My mom loves to cook but she doesn't have any English. So I looked into the food recipe blog niche.

It turns out that it's almost impossible for an average joe to rank on google with that. After digging around and finding different blogs I saw that even with an English actor and good quality production your typical food recipe videos on YouTube don't get much traction at all. Obviously, because you search for these and the results you get are the popular results. The videos that do well are some pretty faces with clickbait titles related to current trendy niches. So YouTube and Google search are a dead-end for us.

How I categorize our ability:

1. I can write decent food recipe posts. Not the best because I won't go into details with all different variations and shit. So there's not much value I can offer. We aren't content writers and probably won't be.

2. We can have decent photos. We aren't photographers, so the photos will be decent good because we've got a DSLR and found some nice ways to compose the shots for them to look good.

3. We're never going to push video content. Mom doesn't have English. No one is a great speaker. The kitchen looks like shit.

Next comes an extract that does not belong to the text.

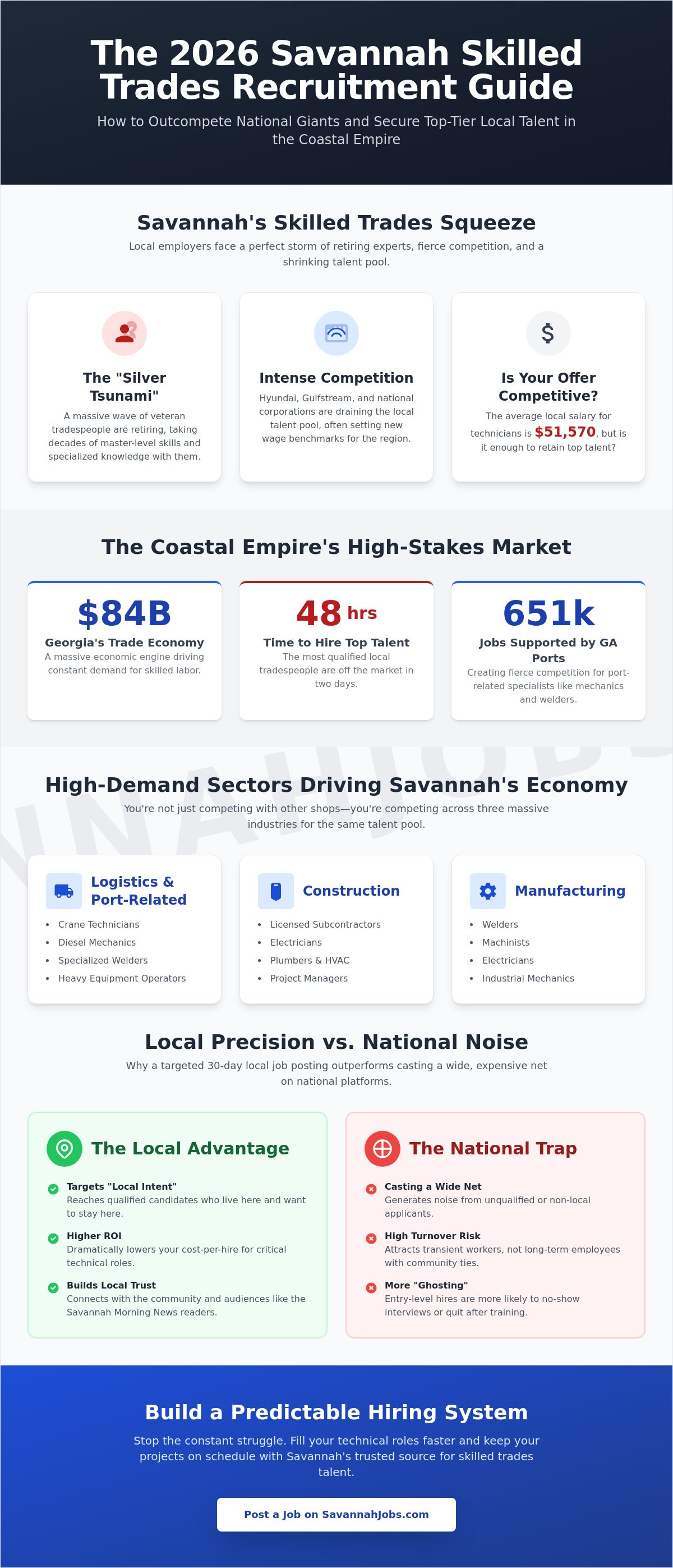 Skilled trades recruitment Savannah GA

If you think about it: then what can you offer? Just another average recipe blog? I guess...

How do recipe blogs get traffic?

It's no surprise that 95% of traffic to these blogs come from Pinterest.

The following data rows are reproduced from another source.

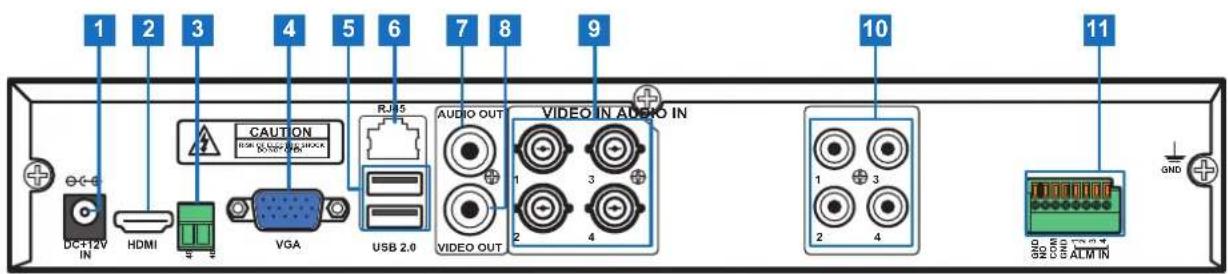 1 2 3 4 5 6 7 8 9 10 11 DC+T2V IN HDMI S CAUTION RJ45 AUDIO OUT USB 2.0 VIDEO OUT 1 2 3 4 VIDEO IN AUDIO IN 1 2 3 4 GND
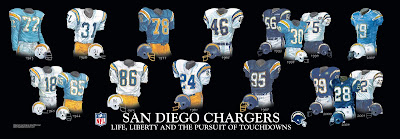 san diego chargers old uniforms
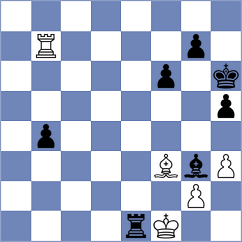 Yushko - Haszon (chess.com INT, 2024)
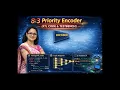 8 3 Priority Encoder - RTL CODE TEST BENCH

Pinterest is perfect for this. The pins that look great and the creators that publish 50+ of them per day and have 300+ recipes in a specific niche do quite fine. Some blogs that I've researched are capable of achieving 100k+ sessions per month. However, you have to note that the traffic they get is from 2017-2019 data. Pinterest back then was less crowded than today.

The problem with Pinterest

Food bloggers seem to be these moms that were into blogging for several years. Most migrated from wix sites and the likes. They have hundreds of recipes that were written on enthusiasm. To me it seems that because they have so much content that they then took to promote through Pinterest in 2018, 2019 has paid them off because they didn't have to start from scratch at all. They just pushed thousands of pins on to the platform. There's volume.

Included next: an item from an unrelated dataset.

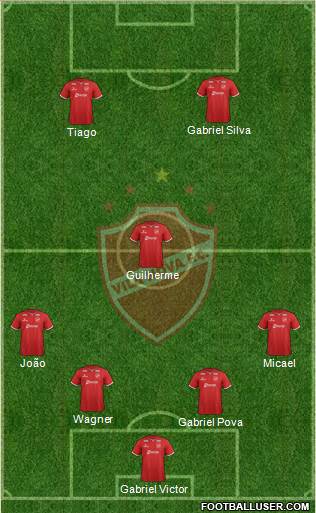 Vila Nova FC Formation 2014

Once they've made it to 100k or so sessions, they realized it's not scalable at all.

If you do your research you realize that the earnings are thus:

1. <3% are Amazon affiliate commissions.
2. 10% are either sponsored posts or photoshoots for other people
3. 85%+ is ad revenue.

The bloggers that are doing more money are the ones that are selling "How to make 10k/mo from food blog in a year through Pinterest".

No wonder that's where the bulk of their revenue comes from.

Advertising networks

Are prone to the seasonality of course. Large swings from Q1 to Q4 in monetization.

1. Google Adsense - pays trash to US traffic $2-4 at best
2. Mediavine - pays $10-20 on US traffic. What's interesting is it has raised it's minimum monthly sessions requirement from 25k to 50k (I wonder why lol)
3. AdThrive - pays the most $15-30 for US traffic. Has a minimum of 100k monthly visitors requirement.

Now let's look at the numbers.

From my analysis on average blogs need 300+ recipes and at least 1 year to make it to 100k sessions a month through Pinterest (traffic acquired from start of 2018-2019 meaning it's probably much more competitive now)

You work your a$$ of creating average (in our case) recipes and hope that you can pull off 300 in a year (possible). Then you assume that the Pinterest landscape hasn't changed much and you can actually achieve (100k mark).

At 100k a month with average $20 revenue per thousand impressions on AdThrive you can get $2k mo on average.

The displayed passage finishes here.